**WHAT YOU HAVE TO DO**
Within the data that follows, set down exactly the lines from the one containing "Кровать детская натуральное дерево+матрас" through the one containing "NFL ALL TEAM", both ends included.

**RECORDS SUPPLIED**
━━━━━━━━━━

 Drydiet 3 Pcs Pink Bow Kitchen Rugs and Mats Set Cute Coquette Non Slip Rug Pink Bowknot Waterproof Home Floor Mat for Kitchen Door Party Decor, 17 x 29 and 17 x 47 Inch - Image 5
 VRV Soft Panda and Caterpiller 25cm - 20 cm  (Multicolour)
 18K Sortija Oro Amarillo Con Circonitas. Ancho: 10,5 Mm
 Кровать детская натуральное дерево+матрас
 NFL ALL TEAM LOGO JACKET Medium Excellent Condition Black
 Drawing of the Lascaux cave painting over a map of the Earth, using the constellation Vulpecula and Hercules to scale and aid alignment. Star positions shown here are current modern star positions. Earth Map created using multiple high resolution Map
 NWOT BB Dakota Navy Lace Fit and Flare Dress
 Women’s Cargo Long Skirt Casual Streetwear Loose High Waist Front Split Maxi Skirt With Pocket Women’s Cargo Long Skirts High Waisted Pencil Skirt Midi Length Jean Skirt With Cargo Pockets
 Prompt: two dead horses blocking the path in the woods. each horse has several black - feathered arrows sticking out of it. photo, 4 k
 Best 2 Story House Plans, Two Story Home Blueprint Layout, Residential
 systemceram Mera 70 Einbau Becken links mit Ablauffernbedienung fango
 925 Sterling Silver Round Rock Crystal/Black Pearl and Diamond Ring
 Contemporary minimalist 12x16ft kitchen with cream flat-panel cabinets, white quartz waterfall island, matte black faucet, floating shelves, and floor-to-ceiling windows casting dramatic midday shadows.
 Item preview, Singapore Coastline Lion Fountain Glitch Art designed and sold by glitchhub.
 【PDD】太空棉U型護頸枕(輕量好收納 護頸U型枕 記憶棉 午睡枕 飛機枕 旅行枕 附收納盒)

━━━━━━━━━━

**YOUR SOLUTION**
 Кровать детская натуральное дерево+матрас
 NFL ALL TEAM LOGO JACKET Medium Excellent Condition Black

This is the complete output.